■ TASK PROMPT ■
Nothing in the listing should be altered when it is copied, and no picture goes into the copy.
────────
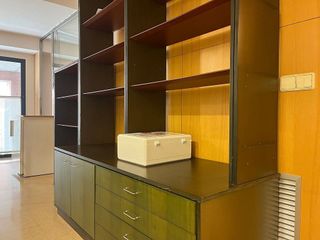 Oficina en alquiler en Eixample Nord – La Devesa en Girona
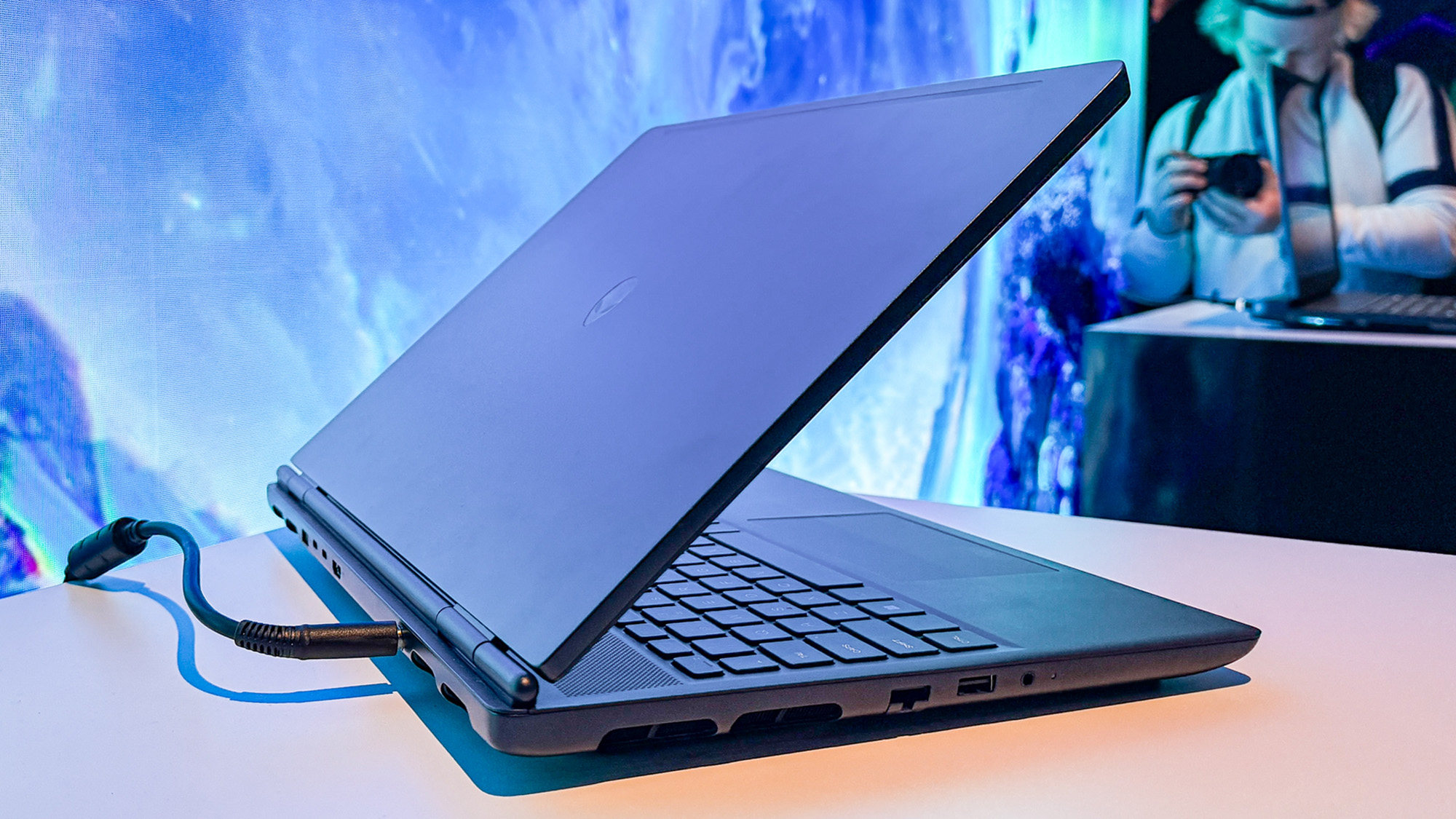 Alienware 16 אזור-51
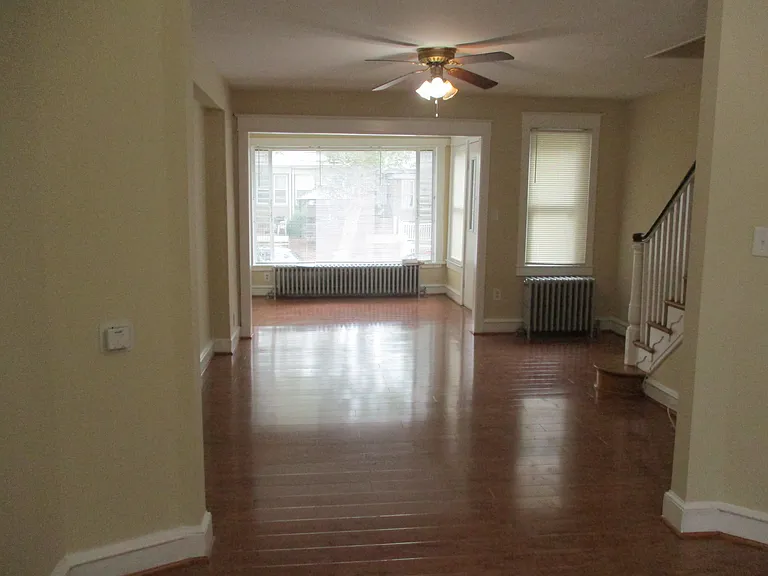4153 Stirling St — Photo 3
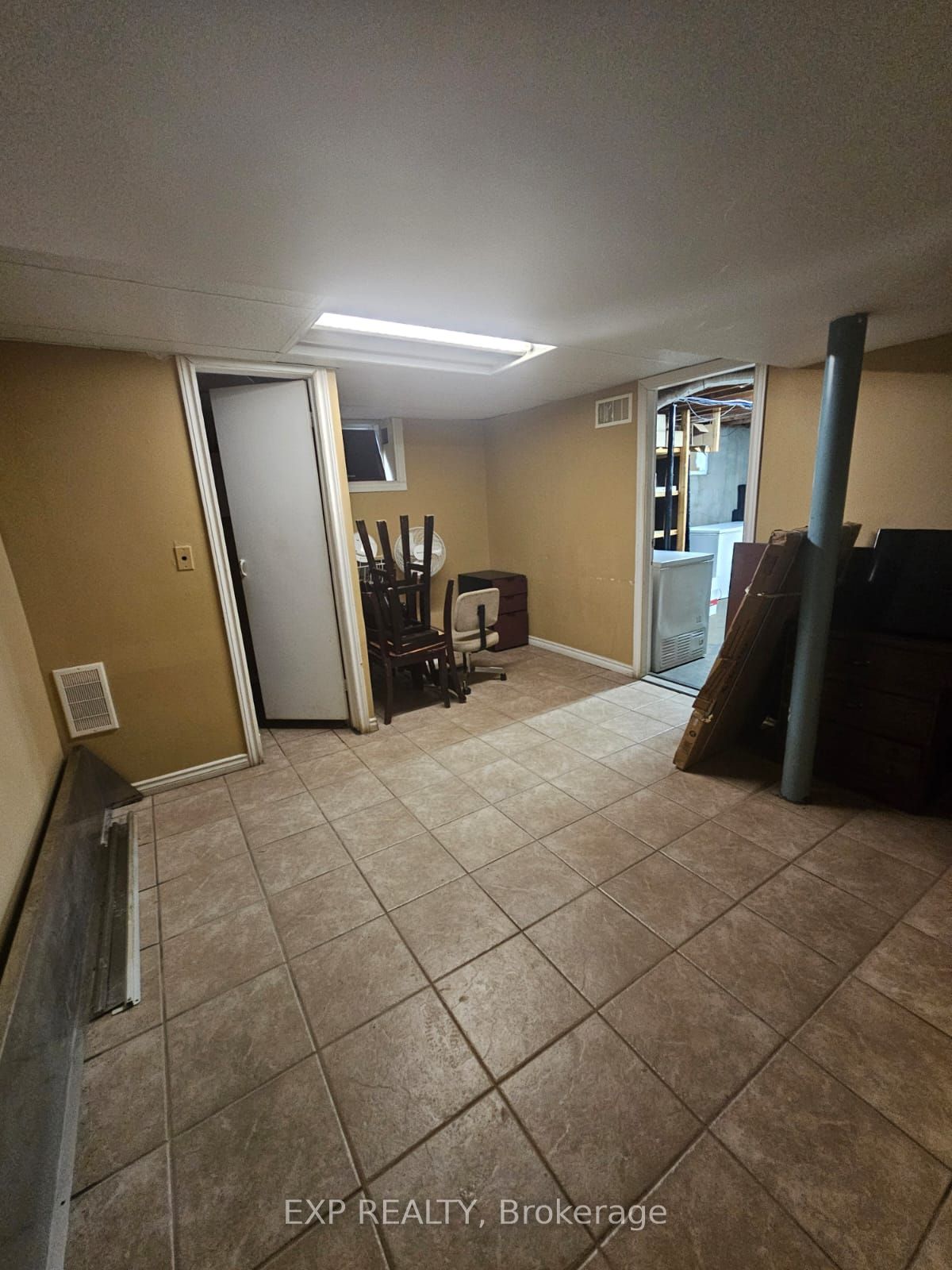 912 St Laurent Boulevard Property Photo 8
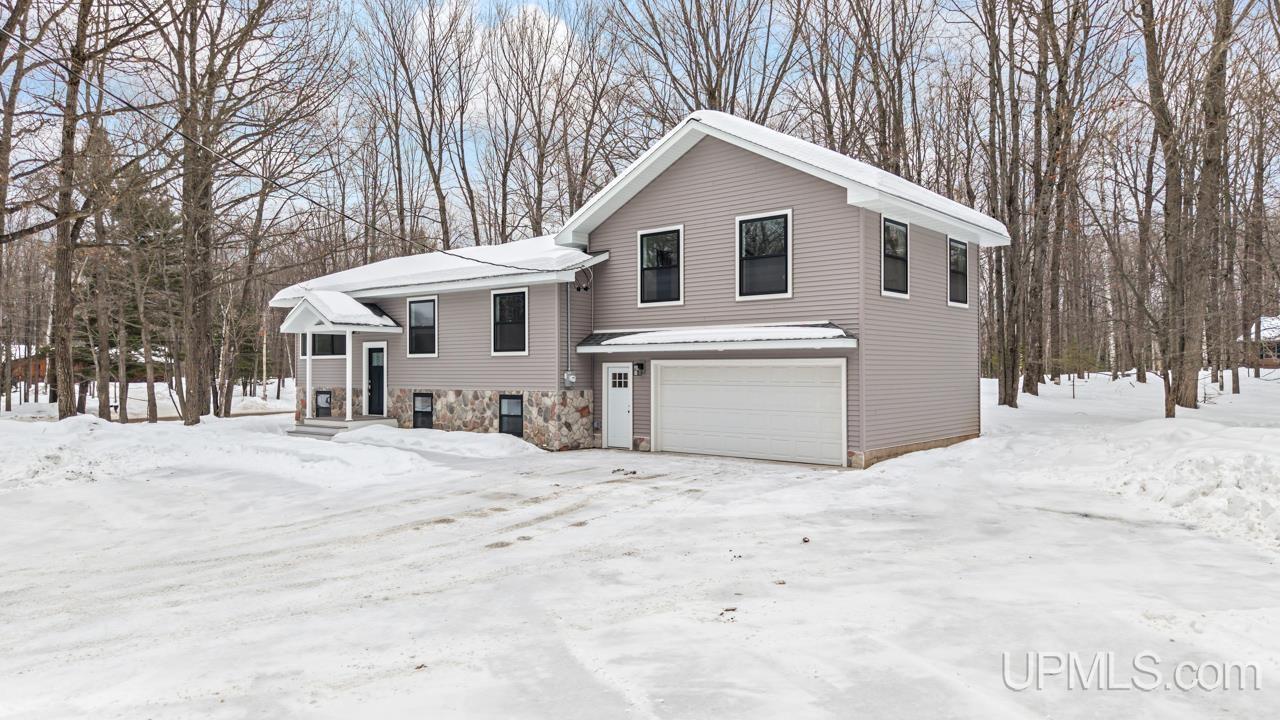 N3846 Traders Mine Road, Iron Mountain, MI, 49801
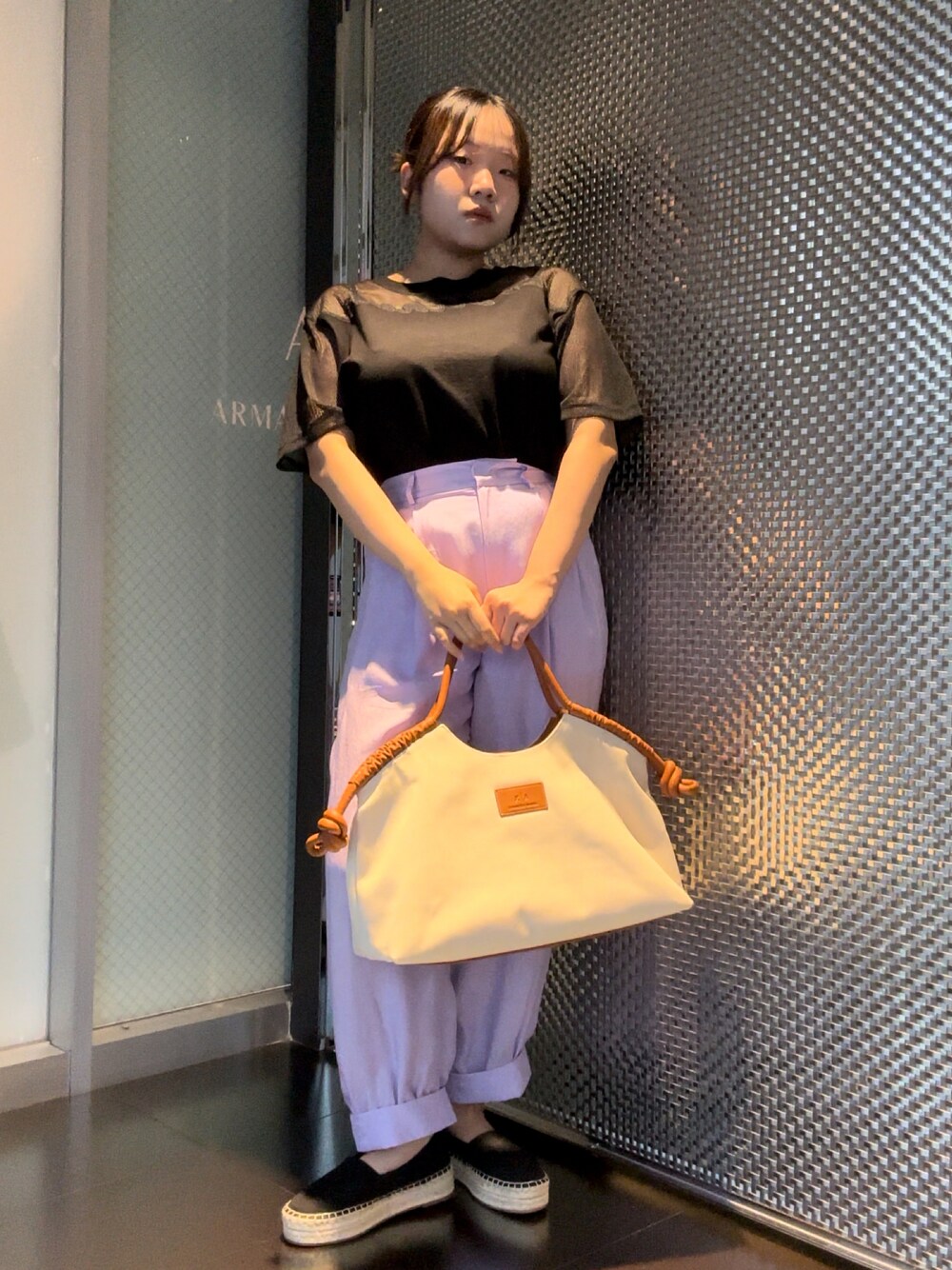 「AXchanger、AXchange、armaniexchange、アルマーニエクスチェンジ、エスパドリーユ、オトナカワイイ、シアートップス、夏コーデ、春服コーデ、キレイめカジュアル、お洒落さんとつながりたい、トレンド、パープル、メッシュ、カラーパンツ」｜「ARMANI EXCHANGEの【A|X アルマーニ エクスチェンジ】エンブロイダリーロゴ　半袖シアークルーネックTシャツ/CROPPED（Tシャツ/カットソー、ブラック系）」を使った、moᴥmoさん（レディース・157cm）の春コーディネートの1枚目の写真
────────
■ ANSWER BOX ■
 Oficina en alquiler en Eixample Nord – La Devesa en Girona
 Alienware 16 אזור-51
4153 Stirling St — Photo 3
 912 St Laurent Boulevard Property Photo 8
 N3846 Traders Mine Road, Iron Mountain, MI, 49801
 「AXchanger、AXchange、armaniexchange、アルマーニエクスチェンジ、エスパドリーユ、オトナカワイイ、シアートップス、夏コーデ、春服コーデ、キレイめカジュアル、お洒落さんとつながりたい、トレンド、パープル、メッシュ、カラーパンツ」｜「ARMANI EXCHANGEの【A|X アルマーニ エクスチェンジ】エンブロイダリーロゴ　半袖シアークルーネックTシャツ/CROPPED（Tシャツ/カットソー、ブラック系）」を使った、moᴥmoさん（レディース・157cm）の春コーディネートの1枚目の写真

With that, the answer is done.